Propósitos de año nuevo

En nuestro esmero por facilitar la vida de los lectores, el equipo de marsupiales que cada semana teclea la columna Aspavientos quiere ofrecerles una ristra alocada de propósitos de año nuevo. Usted puede agenciárselos sin ningún rubor: total, si no los va a cumplir, al menos que sean pintorescos.

Comencemos por las opciones tradicionales: perder trescientos kilos, sonreír más, ingerir más fibra, tontear con la antropofagia, dormir (por lo menos) ocho horas, enrolarse en Sendero Luminoso, aprender relojería, ordenar la biblioteca según la importancia de las materias (esto puede ocasionar acaloradas discusiones epistemológicas en su hogar), someterse a una cirugía de engrosamiento del peroné, aficionarse a la heroína, ganar un título nobiliario para su robot aspirador, fundar (al menos) una religión, asaltar un furgón blindado y adquirir con las ganancias una casa en las orillas de un lago; convertirse en la reina del baile de la promoción del ochenta y siete de un instituto en Oregón, traducir el Rigveda, la Ilíada y el Talmud al esperanto. Sacarse el carné de manipulador de alimentos, aprender todo lo que hay que saber de la negociación en un secuestro con rehenes, hacerse cartujo, agrimensor o funcionario de prisiones; hilvanar una aguja a la primera, comprar calzoncillos nuevos, descubrir los íntimos secretos del adobo, demostrar la hipótesis de Riemann (que dice que todos los ceros no triviales de la función zeta de Riemann tienen parte real ½).

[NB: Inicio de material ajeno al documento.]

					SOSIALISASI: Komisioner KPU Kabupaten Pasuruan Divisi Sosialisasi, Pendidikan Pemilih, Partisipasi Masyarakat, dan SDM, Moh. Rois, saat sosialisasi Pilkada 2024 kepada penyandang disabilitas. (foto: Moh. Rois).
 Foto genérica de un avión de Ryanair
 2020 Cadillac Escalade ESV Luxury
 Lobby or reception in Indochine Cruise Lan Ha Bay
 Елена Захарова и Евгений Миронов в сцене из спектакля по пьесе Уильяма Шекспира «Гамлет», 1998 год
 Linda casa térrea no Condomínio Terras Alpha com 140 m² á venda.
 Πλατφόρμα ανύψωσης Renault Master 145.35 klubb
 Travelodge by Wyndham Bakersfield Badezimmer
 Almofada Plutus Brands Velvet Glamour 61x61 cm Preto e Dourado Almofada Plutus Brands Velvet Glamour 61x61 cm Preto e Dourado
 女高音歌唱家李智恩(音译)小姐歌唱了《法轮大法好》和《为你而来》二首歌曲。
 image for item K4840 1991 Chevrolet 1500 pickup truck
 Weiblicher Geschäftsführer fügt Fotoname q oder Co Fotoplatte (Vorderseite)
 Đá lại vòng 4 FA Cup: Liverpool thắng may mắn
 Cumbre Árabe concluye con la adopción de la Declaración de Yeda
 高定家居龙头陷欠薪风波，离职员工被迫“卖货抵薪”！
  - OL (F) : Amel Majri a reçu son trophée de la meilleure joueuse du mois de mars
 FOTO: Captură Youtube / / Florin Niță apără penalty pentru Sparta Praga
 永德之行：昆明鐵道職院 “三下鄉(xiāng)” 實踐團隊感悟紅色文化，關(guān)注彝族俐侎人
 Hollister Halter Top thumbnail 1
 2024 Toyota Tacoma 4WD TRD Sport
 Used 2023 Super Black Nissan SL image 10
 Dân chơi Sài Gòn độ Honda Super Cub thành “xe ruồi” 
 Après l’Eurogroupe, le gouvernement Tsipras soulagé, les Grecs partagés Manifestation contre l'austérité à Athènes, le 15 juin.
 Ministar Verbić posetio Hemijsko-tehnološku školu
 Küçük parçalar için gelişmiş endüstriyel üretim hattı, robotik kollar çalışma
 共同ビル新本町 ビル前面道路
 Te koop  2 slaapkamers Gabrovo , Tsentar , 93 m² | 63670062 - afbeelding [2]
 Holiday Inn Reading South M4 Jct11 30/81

Usted puede agenciárselos sin ningún rubor: total, si no los va a cumplir, al menos que sean pintorescos

Un poco más difícil: ser admitido en la Real Academia de la Lengua e incluir en el diccionario toda clase de palabros estúpidos que nadie utilizará jamás, comprar unos guantes a medida, cultivar la esgrima con espada bastarda, convencer a los anglosajones para que se pasen al sistema métrico decimal, instaurar una república intergaláctica, reconstruir Troya, memorizar el listín telefónico de Albacete 1983, buscar el reino de Dios y su justicia para que el resto se le dé por añadidura, remendar el cisma de Occidente, dar duros a cuatro pesetas, hacer otra lista con los mejores libros del año, convertirse en un virtuoso de la zanfoña, perfeccionar la nobilísima técnica del trasplante capilar, ganar la indulgencia plenaria.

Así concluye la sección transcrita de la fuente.